The most obvious differences between ballet and contemporary dance is pointe work. But even a lot of my favorite ballets are barefoot, so that doesn’t bother me. But one thing about contemporary that I have a hard time with is all the walking around. I’ve noticed it at Kaleidoscope performances, and at SIDF earlier this year (that sums up all of my exposure to contemporary dance). Homeland, with its focus on migration, had even more walking around, and honestly, it tested my patience.
But then every time I started to tune out or wonder if these dancers just needed to catch their breath more often than ballerinas, something big would happen and I’d almost miss it. There would be something kind of like a lift except in a shape I’d never imagined before. Or I’d think, “Wait, did that person literally just climb a wall?” I appreciate the classical structures underlying ballet, but my favorite moments are when I see completely new movements, and Homeland offered up a lot of them.

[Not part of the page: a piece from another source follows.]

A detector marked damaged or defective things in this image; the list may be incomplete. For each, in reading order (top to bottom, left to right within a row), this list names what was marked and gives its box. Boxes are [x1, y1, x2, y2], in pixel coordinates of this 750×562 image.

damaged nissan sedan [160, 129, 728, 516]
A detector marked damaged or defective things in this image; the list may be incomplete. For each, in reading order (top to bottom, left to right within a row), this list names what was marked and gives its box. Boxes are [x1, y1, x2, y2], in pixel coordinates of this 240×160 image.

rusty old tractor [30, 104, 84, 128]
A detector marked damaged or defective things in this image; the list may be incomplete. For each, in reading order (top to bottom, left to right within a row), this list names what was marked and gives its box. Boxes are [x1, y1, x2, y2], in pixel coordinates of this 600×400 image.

Souvenirs from a New Territory
It was humbling to realize that even with such straightforward stories, I had to work at Homeland. As a ballet fan, I can get a little smug about the people who prefer tutu ballets or only want to watch dances created before 1950 (especially because they usually forget the really innovative things that happened in the first half of the 20th century – Limón anyone?). Smug and complacent are really close neighbors, the kind who like to build walls.
I am not the kind who likes to build walls, so in one sense, Homeland was preaching to the choir. (Not that it was actually preaching, because as a teacher once told me, “Art asks questions.”)
Homeland focused a lot on the suffering of those who must replace one homeland for another, but the dancers frenetically stacking blocks and cowering behind them weren’t showing much joy either. But not all walls are literal. Habits of the mind can be confining, too, and one of the most significant reasons for attending performances is to break down the walls you didn’t know you were building.